Can I still eat sausages?

9th November 2015

I’ve spoken to many dismayed sausage eaters over the last couple of weeks since the news headlines linking processed meat with a ‘definite’ and red meats with a ‘probable’ cause of cancer. There is always a degree of skepticism with such news headlines and as a result people often ignore the advice altogether.

So what’s the evidence?

This is not new news, there is now a large body of high quality research, providing conclusive evidence on this link. Back in 2011 the World Cancer Research Fund (WCRF) conducted a large review of all the evidence relating to the link between bowel cancer and processed and red meat consumption. Their review showed that those who ate the most processed and red meat had a higher incidence of bowel cancer, but not to the same effect. Processed meat is more strongly linked to bowel cancer than red meat and as a result the WCRF recommended that to reduce the risk of bowel cancer people should eat no more than 500g, (cooked weight), per week of red meat and eat as little processed meat as possible. Red meat includes beef, pork, lamb, Veal, mutton, horse and goat. Processed meats include ham, bacon and salami that have been preserved by curing, salting, fermentation, smoking or addition of preservatives that extend the shelf life.

The recent news headlines were a result of the International Agency for Research on Cancer’s (IARC) monograph on Carcinogenicity of consumption of red and processed meat. Twenty-two scientists from 10 countries met at IARC to review current research, which re-enforced that of the 2011 WCRF report.

How does it cause cancer?

There are various theories but the main body of evidence suggests that when the red pigment in meat called ‘heam’ is broken down in the body it produces chemicals called N-nitroso compounds. These compounds have been found to damage the lining of the bowel, leading to cancer. When meat is preserved by smoking, curing or salting, or by the addition of preservatives, cancer-causing substances (carcinogens) can be formed. In addition to this, cooking red meat to a high temperature such as grilling or barbequing can also create chemicals in the meat that may increase the risk of cancer.

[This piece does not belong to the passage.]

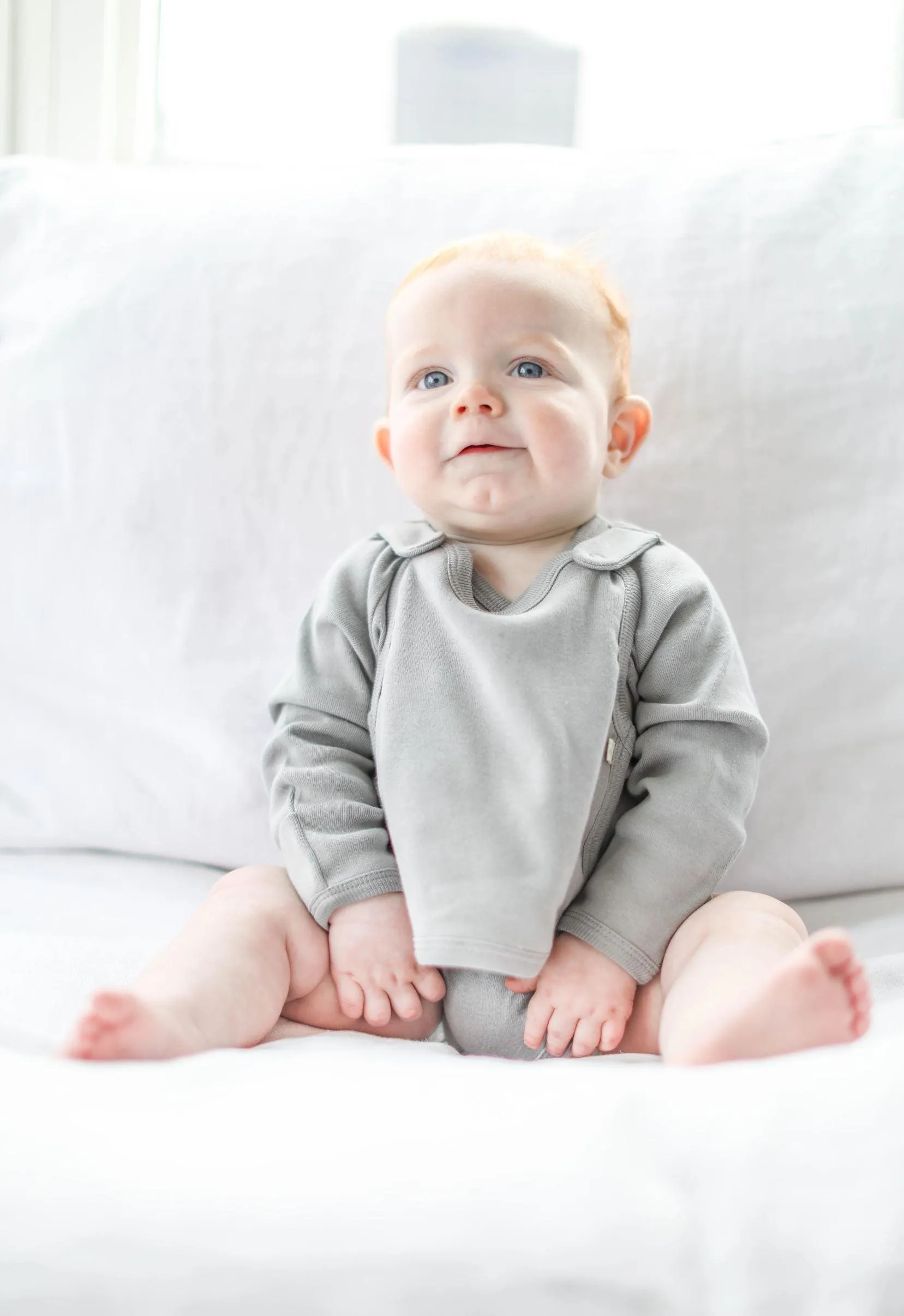 Smart Long Sleeve Kimono Bodysuit   Bib - Gray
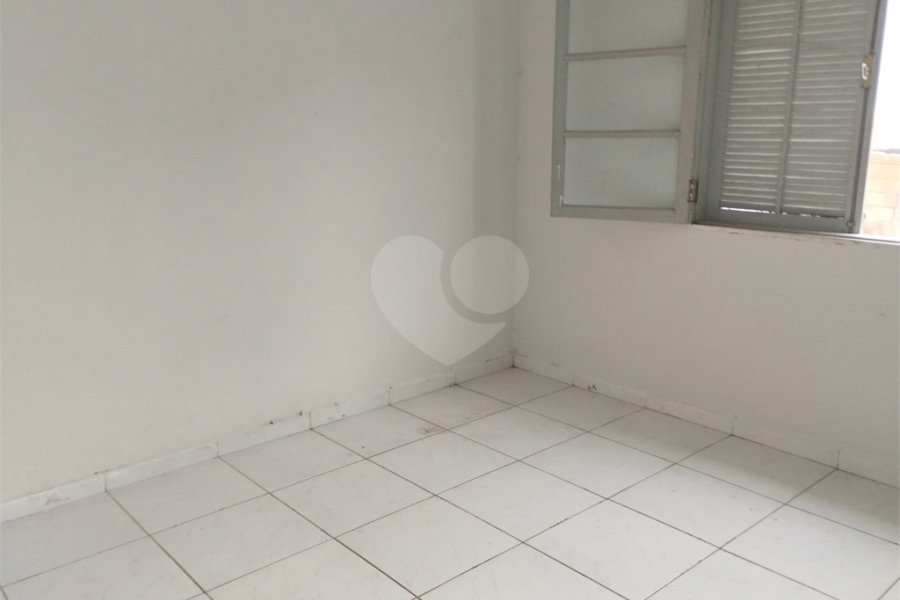 Casa Térrea à venda com 2 quartos em Parque Vitória, São Paulo, SP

So what does this mean in practice?

Choosing high quality, locally produced red and processed meat is not going to reduce your risk, the evidence suggests it’s the processing itself or the chemicals naturally present that increase the cancer risk. Therefore it’s suggested that we need to cut down our consumption of these meats, as apposed to cutting them out of our diet altogether. Red meat is a valuable source of iron, zinc and protein, so it plays an important role in the diet eaten in moderation. Based on all the evidence the government advises people who eat more than 90g (cooked weight) of red and/or processed meat a day should cut down to 70g or less. It is also important to consider other lifestyle changes which can help reduce the risk of cancer such as losing weight, stopping smoking, taking more exercise and reducing alcohol consumption.